Von Matthias Bosenick (30.01.2025)
Wo treibt sich das Antwerpener Wunderkind Dirk Serries denn noch überall herum? Im Free-Jazz-Projekt Martina Verhoeven Quintet zum Beispiel, wie kommt er dazu? Ah – er ist mit der Bandleaderin verheiratet, so kommt der Ambient-, Drone- und Proggitarrist also in den Jazz. „Indicator Light“ ist eine dreiviertelstündige Live-Improvisation, die den herkömmlichen Musikstrukturen so gut wie alles wegnimmt und eine dennoch hörbare Kakophonie errichtet, mit Schlagzeug, Piano, Saxophon, Kontrabass und eben Gitarre. Ornette Coleman grinst sich eins.
Ganz behutsam und beinahe unhörbar schleicht sich dieses Stück an, gestaltet sich aus dem Nichts heraus zu etwas unscharf Figürlichem und vermeidet es fortan weitgehend, greifbare Konturen zu entwickeln. Allmählich setzen alle Instrumente ein, ohne jeweilige oder gar zusammengehörige Strukturen, jedes für sich, mit einem dominanten Alt-Saxophon und dem dazu aufwirbelnd klimpernden Flügel, den willkürlich shuffelnden Drums, dem tieftönenden Kontrabass und den flächigen Gitarren.
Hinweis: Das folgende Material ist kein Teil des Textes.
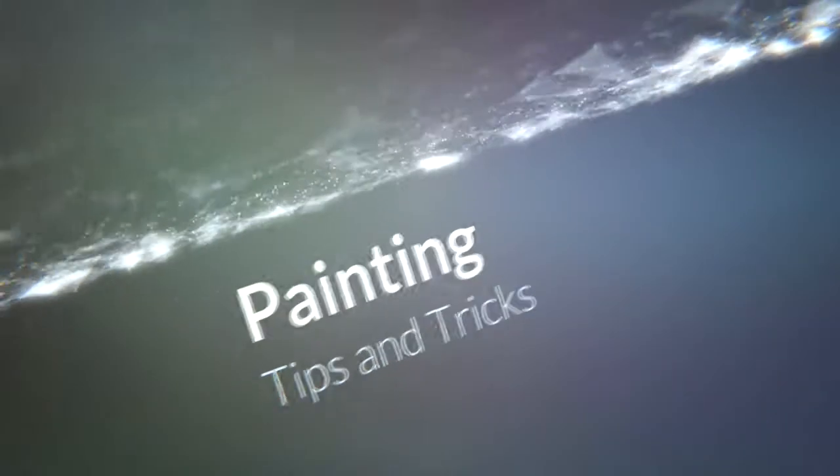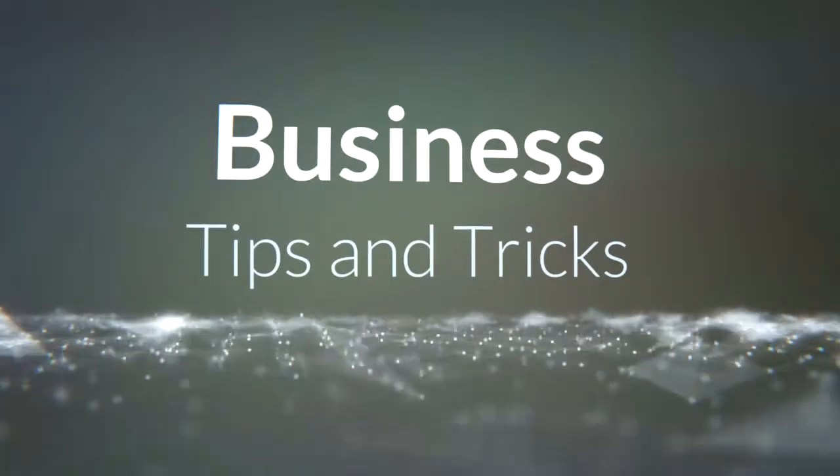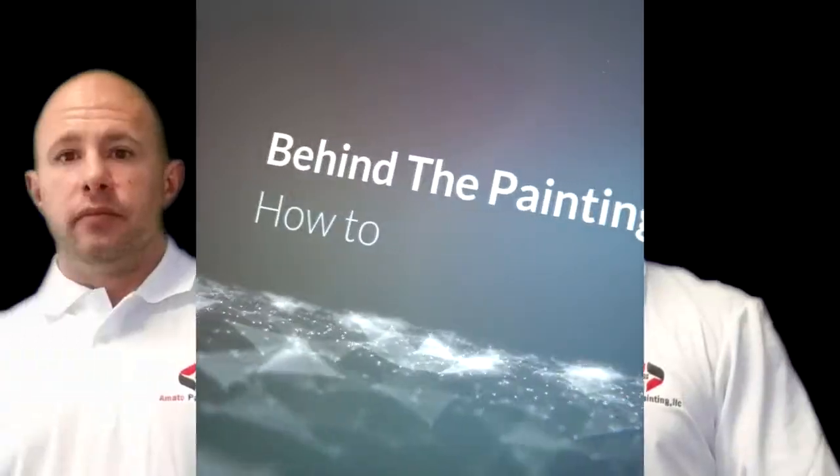Welcome to Behind the Painting Scenes with your host, Ryan Amato of Amato Painting. We're going to talk about kitchen cabinets and how it can be an affordable project and easily done for your home.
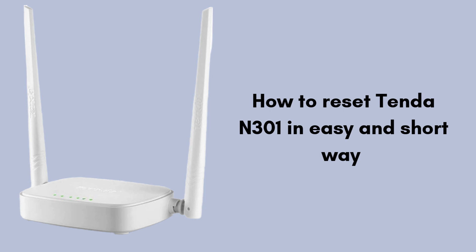Whether you're troubleshooting connectivity issues or need to start fresh, this tutorial will show you how to use the reset button effectively. After the reset, we'll also explain how to reconfigure your device for optimal performance. Watch till the end of this video for the complete reset process.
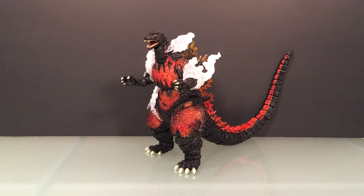What up folks, welcome back to UltraZilla Toys. Today I have a review of this hunk of burning love here — the SH Monster Arts Ultimate Burning Godzilla.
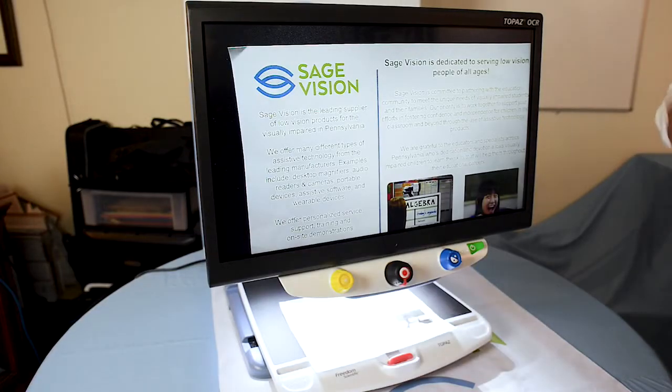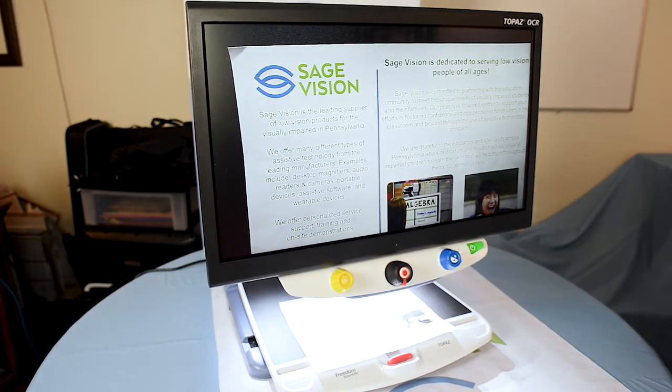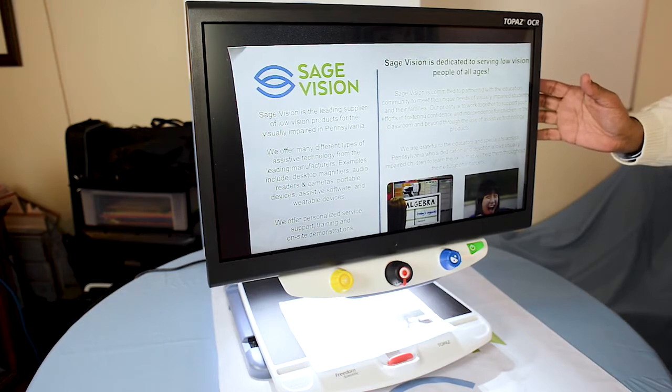This is the Topaz 24-inch OCR by Freedom Scientific. SageVision is the premier dealer in Pennsylvania for Freedom Scientific. I'm going to go into some of the great features of this device.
Wellenartig hat jeder der fünf Instrumentalisten seine Schwerpunkte, tobt sich aus, gebärdet sich wild, kommt zur Ruhe, der Track kreischt beinahe, es entsteht ein Lärm ganz ohne Druck, das Quintett spielt sich in einen Rausch.
Und ganz plötzlich, zur Hälfte des Tracks, entwickelt sich doch tatsächlich aus all diesem eine wiedererkennbare Struktur. Das Schlagzeug gibt einen Takt vor, an dem sich die anderen vier ausrichten und einen vertrauten, obschon freien Jazz zulassen, den man sich irgendwann in den Sechzigern vorstellen kann. Doch bleibt das Quintett dort nicht verhaftet, sondern senkt nach kurzer Zeit alle Intensität ab und formt komplett abstrakte, hingetupfte Figuren, jedes Instrument für sich nebeneinander. Jedoch ist dies nur ein Luftholen, denn alsbald verfällt die Band wieder ins energetische Freie, das sie gegen Ende abermals in nachvollziehbare Strukturen leitet, in eine Art Speed Jazz gewissermaßen, der zuhörends an Gewindeschraubungen zulegt und sich überschlägt – um zurück ins Nichts auszulaufen. Der Applaus am Ende ist verdient.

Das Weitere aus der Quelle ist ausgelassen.